Noch stärker ist der politische Druck in Hongkong. Nach einem Bericht der Nachrichtenagentur Reuters hat die dortige Regierungschefin Carrie Lam ihren Rücktrittswillen bekundet, vor einer Gruppe von Wirtschaftsvertretern jedoch eingeschränkt: „Falls ich die Wahl hätte.“ Das wurde als Beleg dafür gewertet, dass Lam auf Geheiß von Peking im Amt bleiben muss, um den harten Kurs gegen die Proteste fortzusetzen.

Auf Merkel wartet eine heikle Mission. Beobachter vermuten, dass sich die Kanzlerin auf Wirtschaftsfragen konzentrieren wird. Leitlinie solle dabei sein, von „China eine stärkere Marktöffnung zu verlangen und das zur Bedingung für Marktzugang in Europa zu machen“, forderte Ifo-Chef Clemens Fuest. „Besonders wichtig sind uns faire Wettbewerbsbedingungen“, betonte auch Rudolf Staudigl, Vorstandschef der Wacker Chemie.

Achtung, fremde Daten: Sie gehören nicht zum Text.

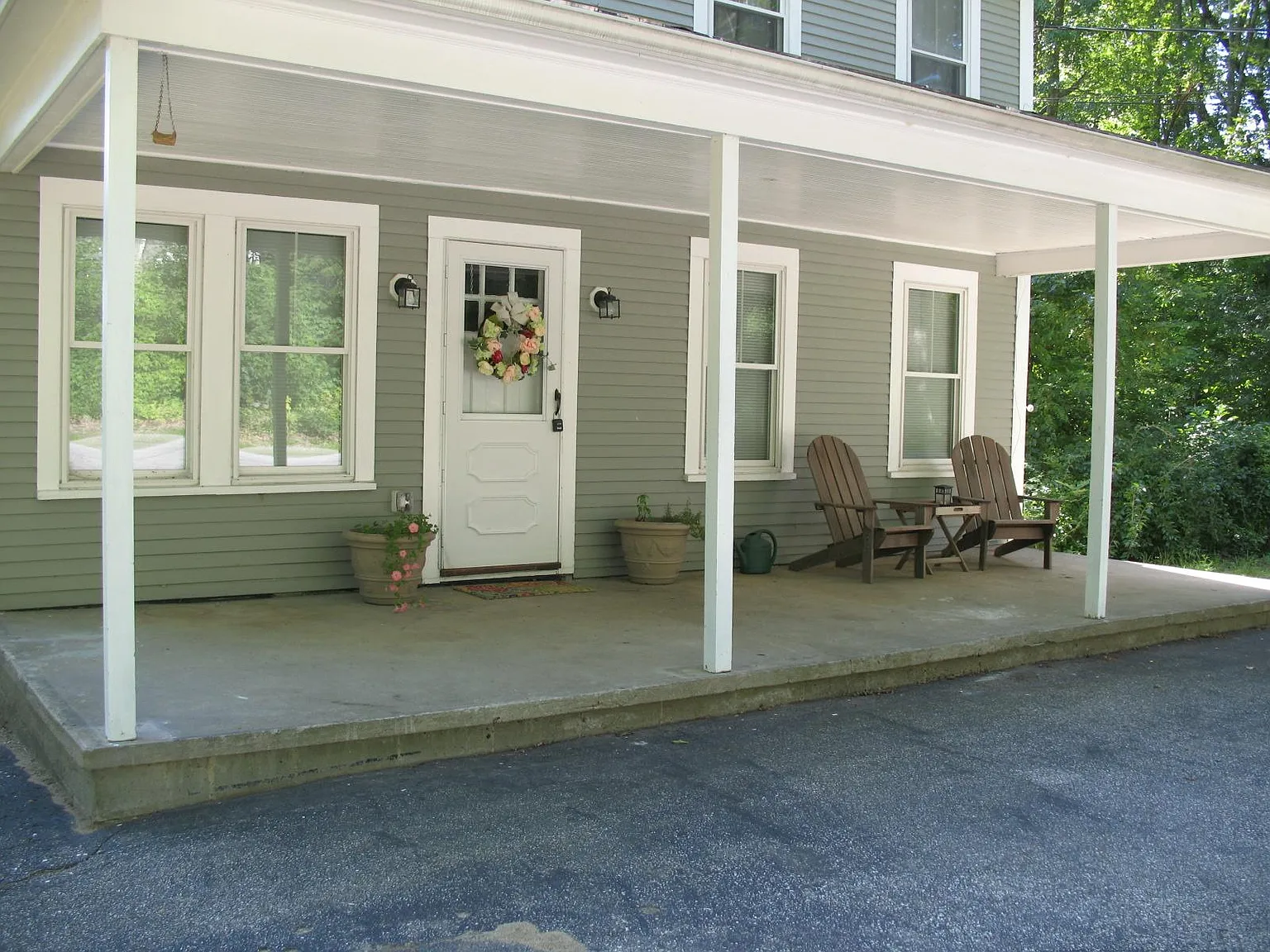 2 bed, 840 sqft, $2,000 — Photo 2
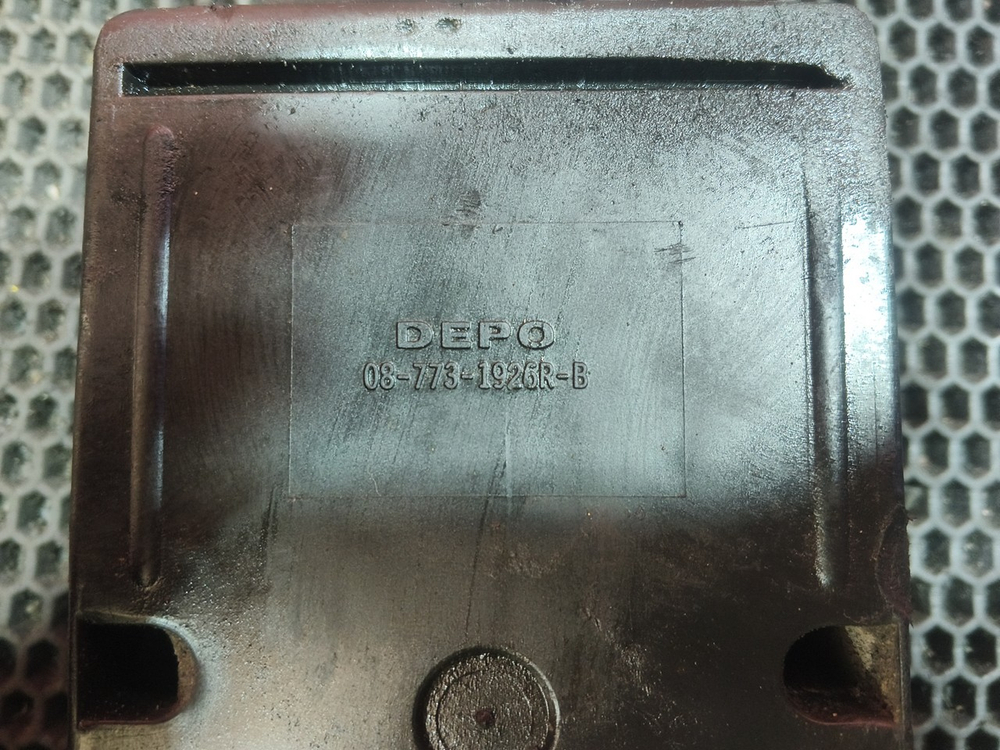 Фонарь задний правый 2017г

Andere Unternehmen sehen vor allem die Chancen in China: „Ich hoffe, dass wir die Geschäftsbeziehungen wie auch die Luftverkehrsbeziehungen generell weiter vertiefen können“, sagte Fraport-Chef Stefan Schulte. Umso mehr hofft man, dass sich die Lage in Hongkong wieder beruhigt: „Ich hoffe auf eine baldige, friedliche Lösung, die Vertrauen und Stabilität zurückbringt“, sagte Eduard Dörrenberg, Chef des Konsumgüterherstellers Dr. Kurt Wolff.